Samsara is a Sanskrit word meaning “the ever turning wheel of life” and this is the base both thematically and visually. From the startling opening shot of the close-up eyes of a Thai dancer there is a continuing and sense of the interconnection, as well as the transience, of all things - in the cycle of birth, life and death.
Some of the themes:
- monks making a mandala high in the mountains of Ladakh, India;
- Egyptian families living cheek-by-jowl with the great pyramids;
- Chinese assembly line workers chopping and packaging pig and chicken carcasses
- chickens helplessly being sucked into a large, ominous tractor that will kill them and prepare them for meals
- the night sky
- modern technology, production lines, and human robotics
- backdrops of deserts, garbage mounds as far as the eye can see, and traffic congestion in modern centres
- the processing of food to the consumption and effects it has on the human body
-impoverished communities picking over garbage as trucks deposit it
- exquisite Thai dancers
- a factory producing sex dolls
- highly developed cities seen from the air with freeway and building lights twinkling. . .

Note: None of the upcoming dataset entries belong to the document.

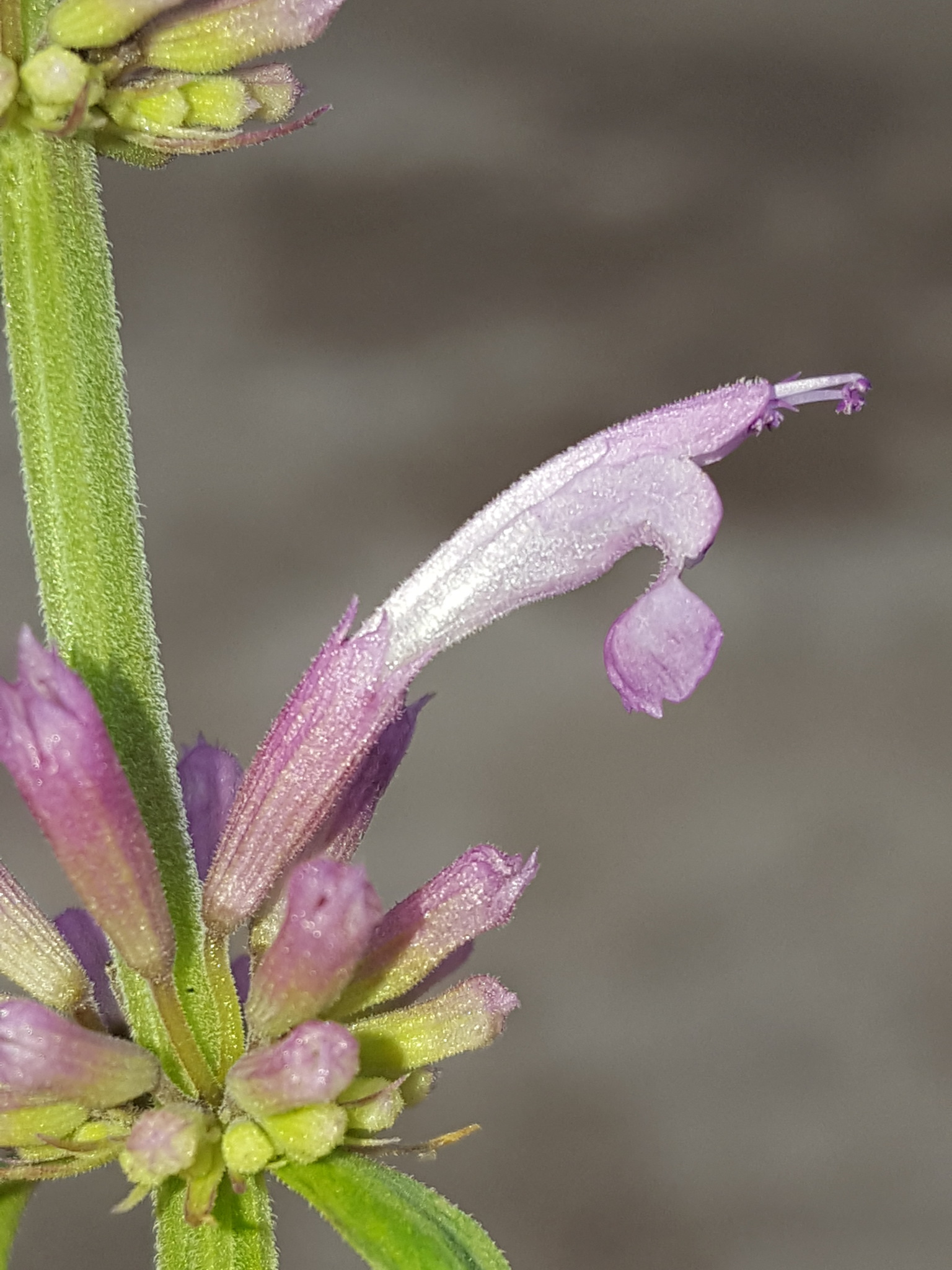 Agastache pallidiflora var. gilensis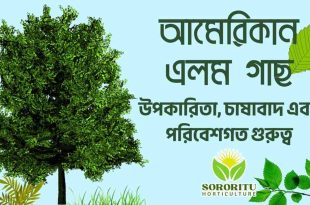 আমেরিকান এলম গাছ উপকারিতা, চাষাবাদ এবং পরিবেশগত গুরুত্ব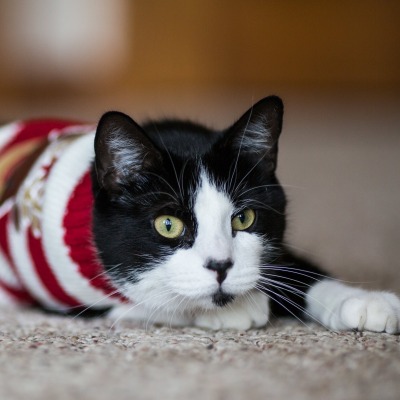 черно-белый кот мордочка ковер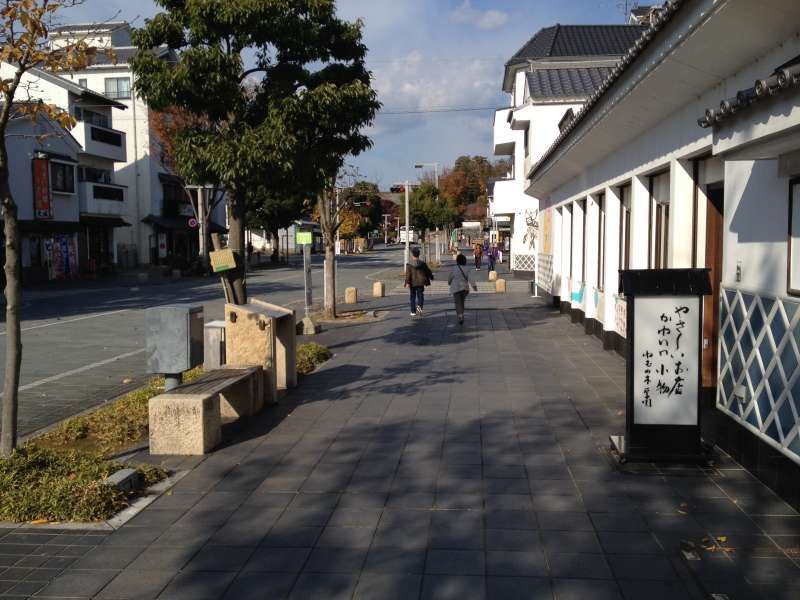 Other Shizuoka Locations Private Tour - Street of Kakegawa town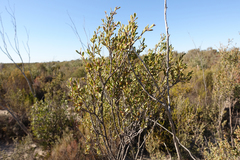 Leptospermum coriaceum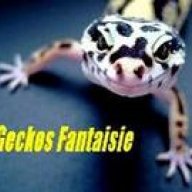 geckos fantaisie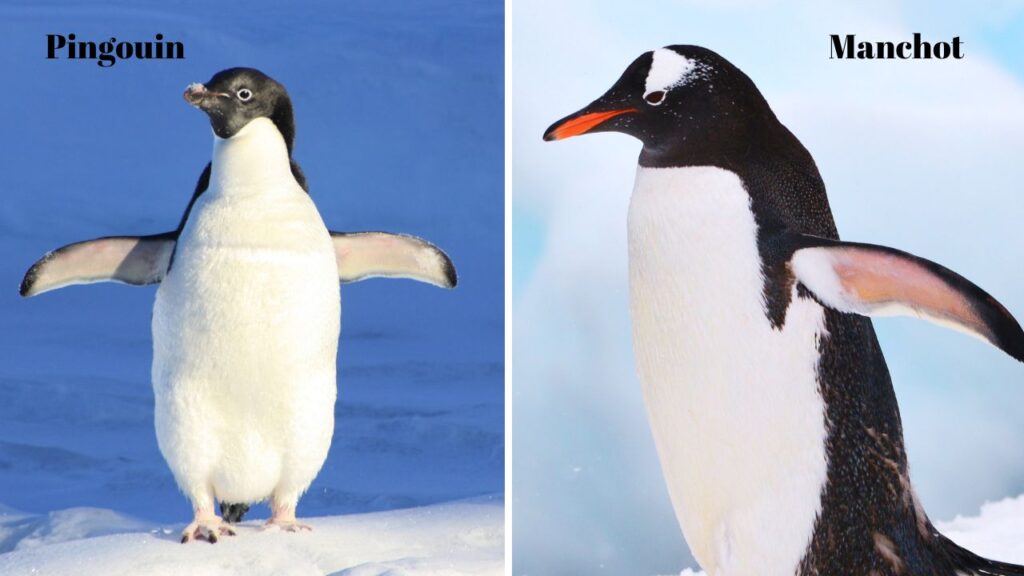 Quelle différence entre un pingouin et un manchot ?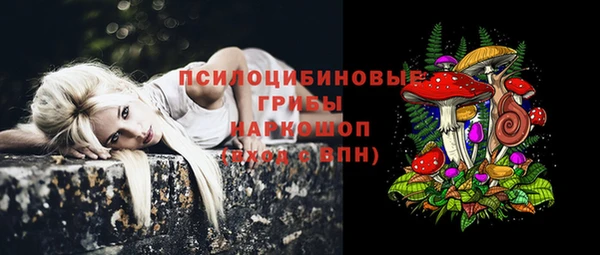 не бодяженный Волоколамск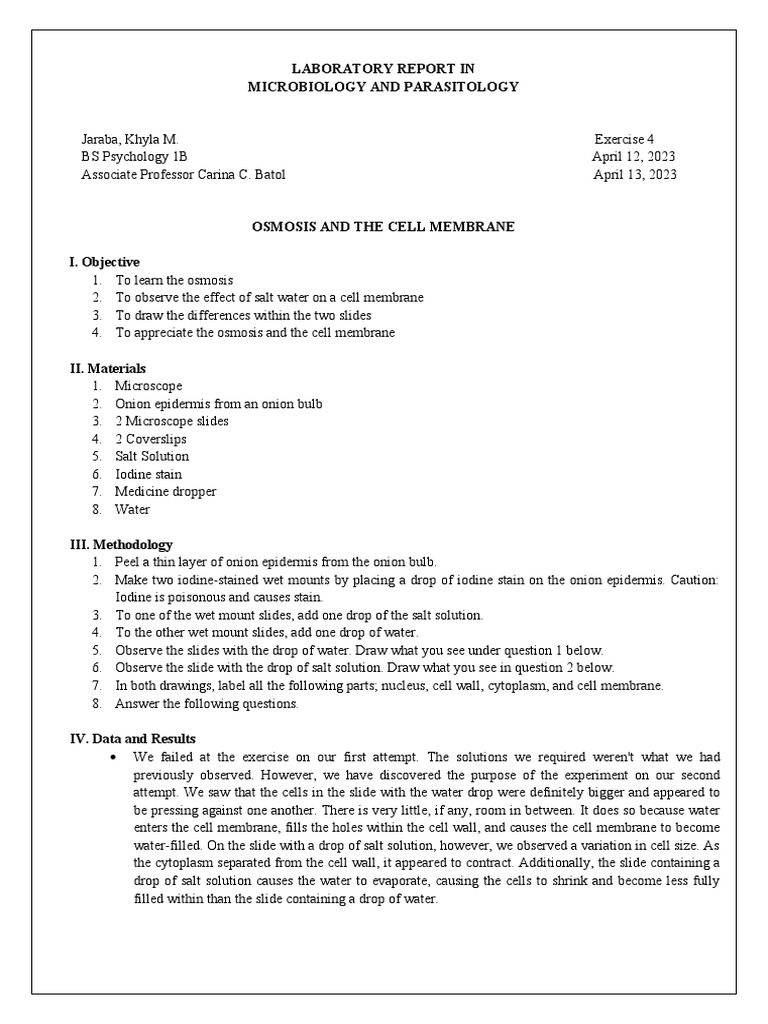 Observing Osmosis An Experiment on the Effect of Salt Water on Onion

- many sacred grounds, disaster zones, industrial complexes, and natural wonders.

Shot on 70 mm film by Fricke, the imagery is extraordinary. It is all real, no computer graphics. While some things are familiar, they look new. The time-lapse photography reflects patience and camera mastery. Editing is often striking, a close-up of the eyes of an African woman blending into an LA freeway shot. Australian Lisa Gerrard is responsible for much of the score.